Make sure you fill in any place that says `YOUR CODE HERE` or "YOUR ANSWER HERE". As a reminder, there is **NO COLLABORATION** whatsoever on the final.

---

---
## Part A (3 points)

Chomsky's argument from the poverty of the stimulus is one of the most
famous and controversial claims in cognitive science. Many researchers
view formal results on learnability as supporting the argument.

<div class="alert alert-success">In one paragraph, briefly summarize the poverty of the stimulus
argument, and outline the implications of the argument for language
learning.</div>

YOUR ANSWER HERE

---
## Part B (2 points)

In analyses of language learnability, cases where one language is a subset of another are particularly challenging. Imagine that a learner is trying to decide between two languages. Language $L_1$ consists of all the grammatical sentences in English. Language $L_2$ consists of all of the grammatical sentences in English, plus "Furiously sleep ideas green colorless." We can express this relationship between the languages graphically:
<br />

![](images/subsetProblem.png)


<div class="alert alert-success">Assume that the learner only receives positive examples—sentences that are valid examples of $L_1$—and wants to choose between $L_1$ and $L_2$. Explain why this creates a problem for approaches to learning that view a language as a set and attempt to logically deduce that set from examples.</div>

YOUR ANSWER HERE

---
## Part C (2 points)

Now, assume that the learner views $L_1$ and $L_2$ as probability distributions over sentences. Under $L_1$, sentences are generated from the probability distribution observed in English. Under $L_2$, $c$ is the probability that the specific sentence "Furiously sleep ideas green colorless" is generated, and $1-c$ is the probability that a sentence is generated from the probability distribution observed in English. Thus, the probability of any particular sentence in English in $L_2$ is $(1-c)$ times the probability of that sentence in $L_1$ (in other words, if the sentence in English is $s$, then $P(s|L_2) = P(s|L_1)(1-c)$). The problem of learning a language can now be formulated as a problem of Bayesian inference. The hypotheses $h$ are languages, and the data $d$ are a set of sentences. The likelihood $P(d|h)$ is the probability of a set of sentences given a language. 

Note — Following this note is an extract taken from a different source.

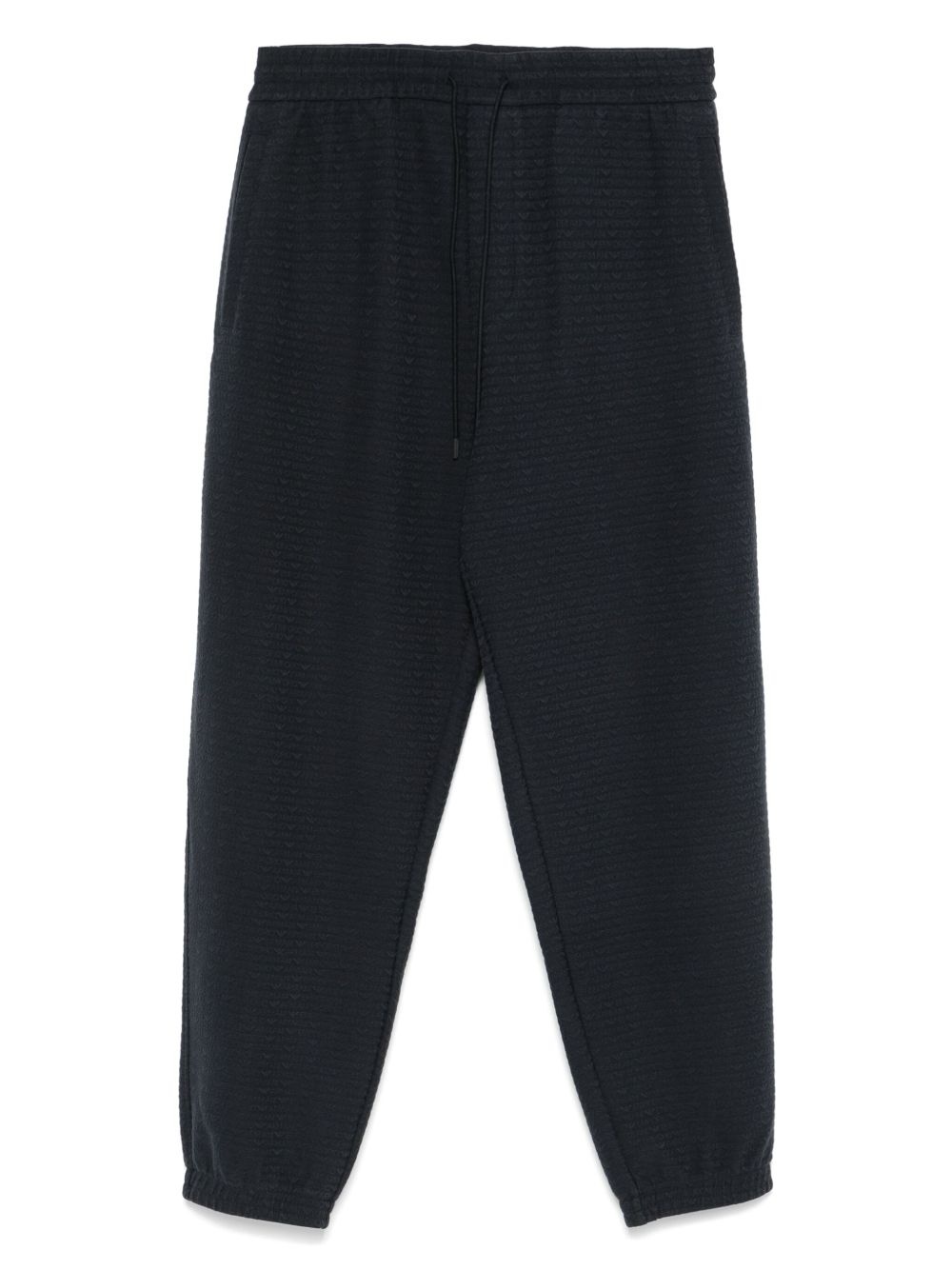 logo-jacquard track pants - 1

In this case we are interested in the <i>posterior odds ratio</i>, or how many times more likely is $L_1$ than $L_2$. Recall posterior odds are given by the equation: 

$$\frac{P(L_1~|~d)}{P(L_2~|~d)} = \frac{P(d~|~L_1)P(L_1)}{P(d~|~L_2)P(L_2)}$$

<div class="alert alert-success"> Complete the function `getPostOdds` so that it computes the posterior odds ratio of $L_1$ over $L_2$ after observing $n$ consecutive English sentences. Assume that the sentences are generated independently from the distributions associated with the two languages, and that the probability of generating 'Furiously sleep ideas green colorless' under $L_2$, as denoted by the argument $c$, is .001.  Assume that the two languages, $P(L_1)$ and $P(L_2)$, are equally likely <i>a priori</i>. </div>

In [None]:
def getPostOdds(n, c=.001):    
    """Compute the posterior odds ratio of L1 (all grammatical sentences 
    in English) / L2 (all grammatical sentences in English + 'Furiously 
    sleep ideas green colorless')
    
    Parameters
    ----------
    n : integer
        The number of observed sentences
    c : float
        The probability that 'Furiously sleep ideas green colorless' 
        is generated under L2. By default, c = .001
        
    Returns
    -------
    float
        The posterior odds ratio of L1 / L2 after observing n sentences
    
    """    
    # YOUR CODE HERE
    raise NotImplementedError()

In [None]:
print(getPostOdds(10))
print(getPostOdds(100))
print(getPostOdds(1000))
print(getPostOdds(10000))

In [None]:
# add your own test cases here!

In [None]:
from numpy.testing import assert_allclose

assert_allclose(getPostOdds(10, c=.01), 1.1057273553218807)
assert_allclose(getPostOdds(100, c=.05), 168.90381970677726)
assert_allclose(getPostOdds(1000, c=.005), 150.28625220462635)
assert_allclose(getPostOdds(1, c=.005), 1.0050251256281406)
assert_allclose(getPostOdds(10, c=.3), 35.40133174641438)

print("Success!")

---
## Part D (1 point)

<div class="alert alert-success">Look at the posterior odds ratio after 10, 100, 1000, and 10000 sentences. Which lanugage were these sentences more likely to be drawn from? How does the posterior odds ratio change with the observation of additional sentences?</div>

In [None]:
print(getPostOdds(10))
print(getPostOdds(100))
print(getPostOdds(1000))
print(getPostOdds(10000))

YOUR ANSWER HERE

---
## Part E (2 points)

This is just one example of how the assumption that a language is a probability distribution and learners are provided with samples from that distribution can make it possible to learn the correct language in cases where other approaches fail. In contrast to other analyses of learnability, it is possible to show that under these assumptions even complex languages (such as those represented by probabilistic context free grammars) can be learned from sufficiently large amounts of data.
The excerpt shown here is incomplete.